The 2DCC research priorities are organized by four science drivers that are motivated by the unique properties of layered materials that often emerge in ultrathin or few-layer films, necessitating atomic-level control of film growth mode, stoichiometry, point defects and structural imperfections.
|Physics of 2D Systems (Py2D) –
This science driver focuses on providing enabling materials synthesis, characterization, and modeling capabilities to facilitate fundamental studies of new fundamental physical processes that occur in 2D systems, such as efficient spin-charge conversion and the quantum anomalous Hall effect in topological insulators, valleytronics in transition metal dichalcogenides, and quantum transport in 2D heterostructures.
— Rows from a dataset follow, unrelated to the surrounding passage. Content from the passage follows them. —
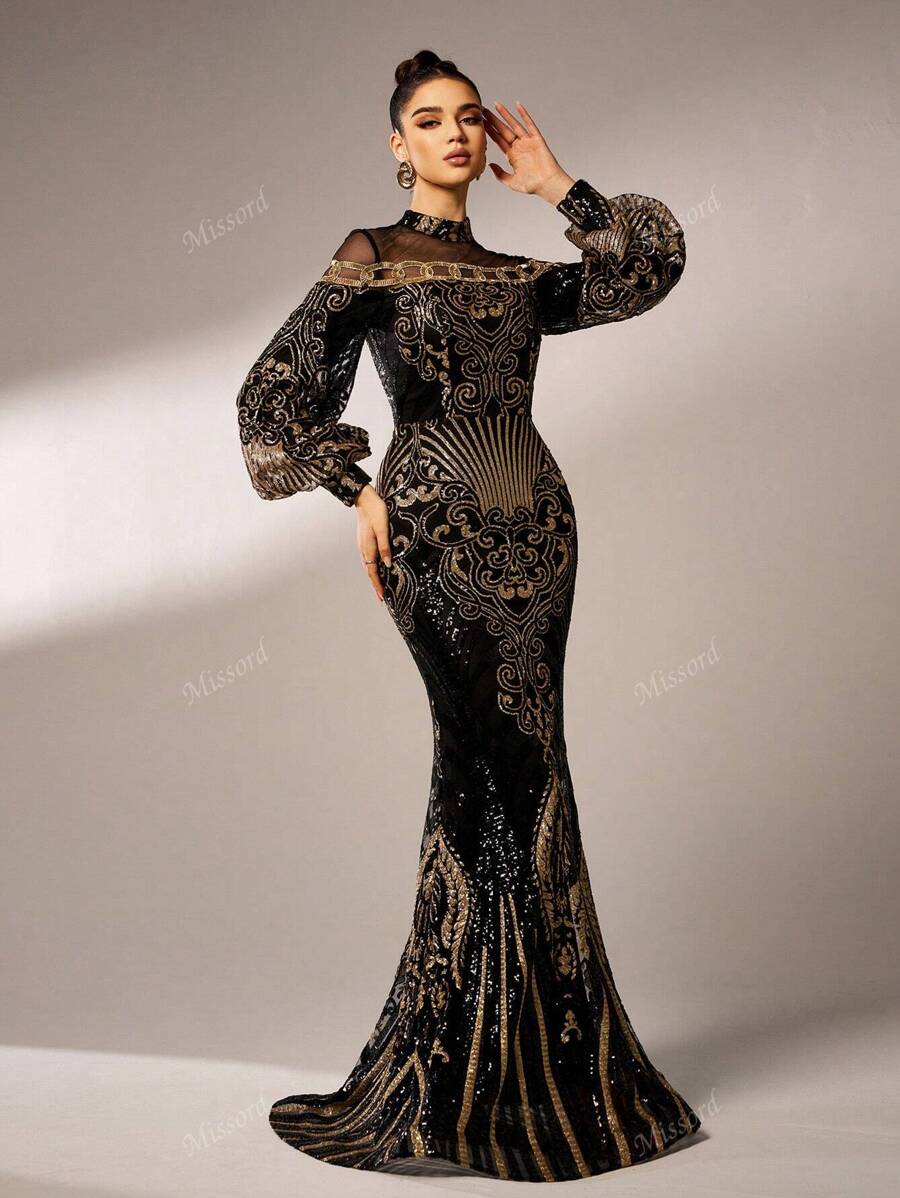 Missord Elegante vestido de noche de manga larga para mujer con parches de malla y lentejuelas, vestido de gala negro para bailes, bodas, graduación, cenas y fiestas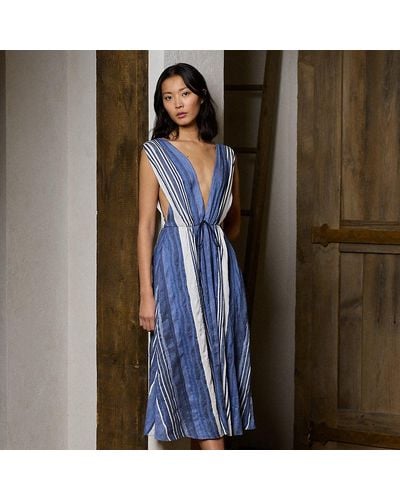 Ralph Lauren Collection Vestido de día Pammela de seda y lino - Azul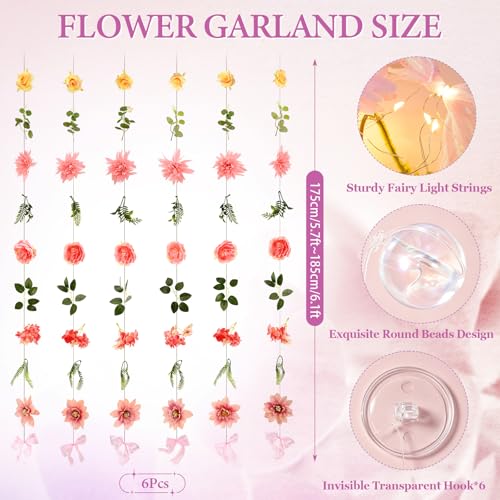 Livole 6Pcs 36Ft Hanging Flower Garland with Light Pink Wildflower Garlands Backdrop Silk Rose Fake Floral Vines with Hooks for Spring Party Wedding Birthday Anniversary Arch Wall Garden Decor - color: Pink With Light, size: 6Pcs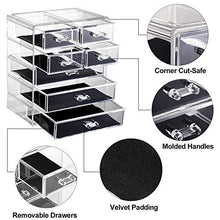 Load image into Gallery viewer, Makeup Organizer Acrylic Cosmetic with 7 Storage Drawers and Jewelry Display Box One-piece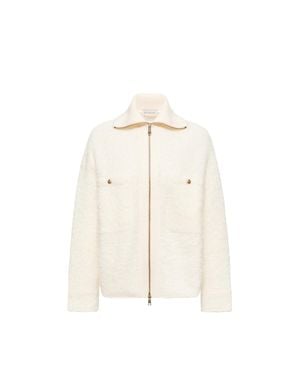 Moncler Moncler Surchemise Zippée En Tweed, Femme, Taille - Blanc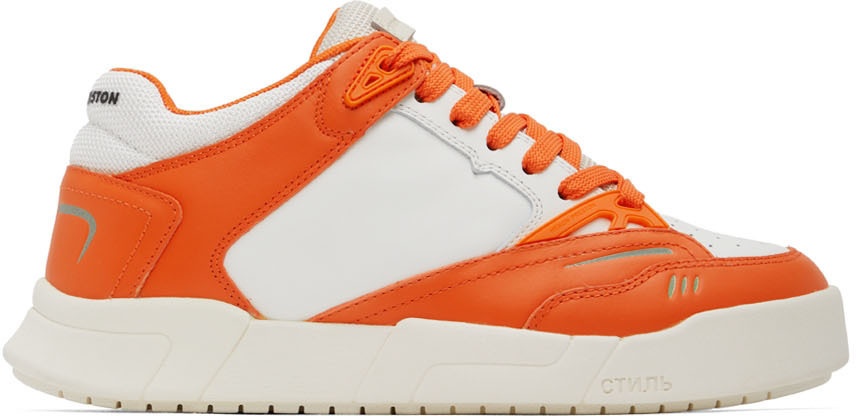 Photo: Heron Preston Orange & White Low Key Sneakers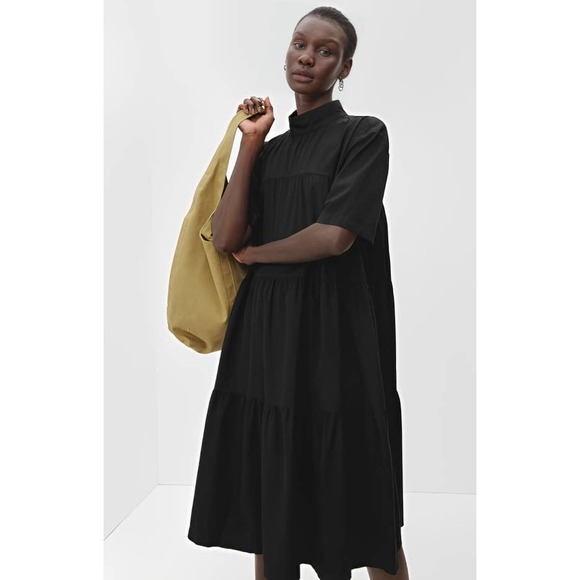 Everlane The Tiered Mockneck Dress in Black Size XS Cotton Short Sleeve Pockets - Picture 1 of 5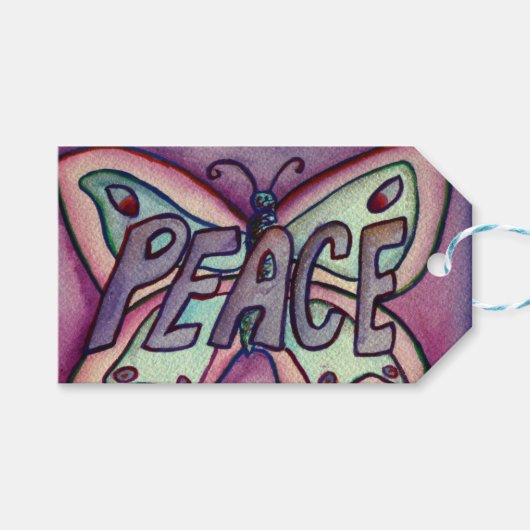 Peace Butterfly Word Custom Card-Labels Cadeaulabel (Voorkant (Horizontaal))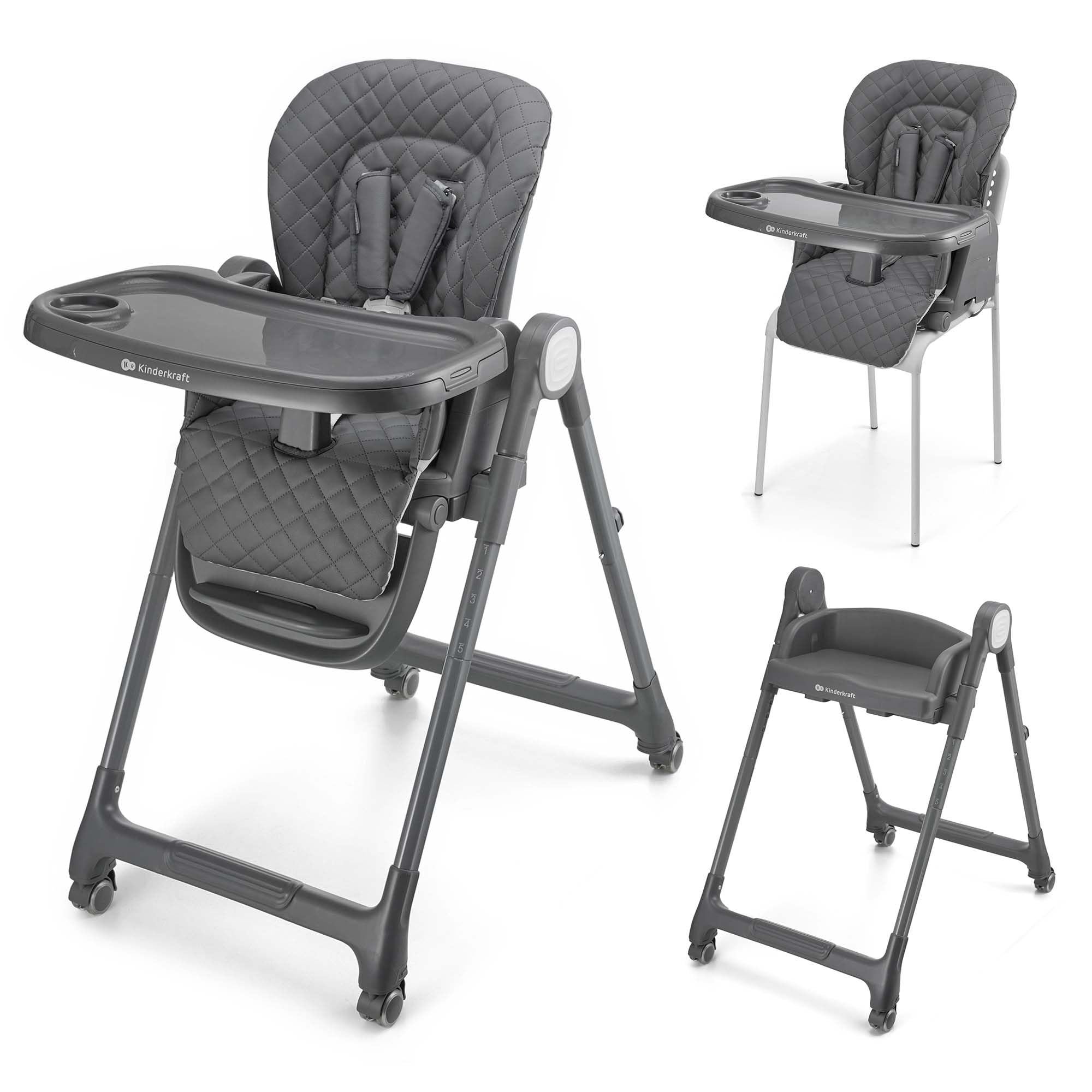 Kinderkraft TULO Chaise haute pour bébé, Ergonomique, Confortable, Pliable, Avec Repose-Pieds Réglable en Hauteur, Double Plateau Amovible Pour les Tout-Petits de 6 mois à 5 ans, Gris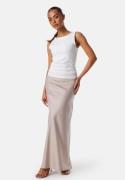 BUBBLEROOM Maxi Satin Skirt Light nougat 36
|Epitaxy of 2D Chalcogenides (Ep2D) –
This science driver seeks to understand fundamental mechanisms of 2D film formation in van der Waals bonded systems including the role of the substrate in nucleation and epitaxy, self-limited growth of monolayers, epitaxy in 2D heterostructures, miscibility and alloy formation, intentional doping, and native defects.
|Next-generation 2D Electronics (NGDev) –
This science driver focuses on providing enabling materials synthesis and characterization capabilities to facilitate development of next-generation electronics (2D tunnel transistors, thin film transistors for flexible electronics, etc.) and optoelectronics (2D photodetectors, integrated photonics, single photon sources, etc.).
|Advanced Characterization and Modelling (AC&M) –
This science driver focuses on developing techniques and tools to study 2D chalcogenide films in situ and under controlled ambient to elucidate the evolution of surface morphology, growth-related defects, electronic band structure, carrier transport, etc. Closely integrated theory and simulation targets key kinetic processes during growth, enables new insights on in situ characterization, and accelerates the identification of compelling synthetic targets to overcome experimental obstacles to their synthesis.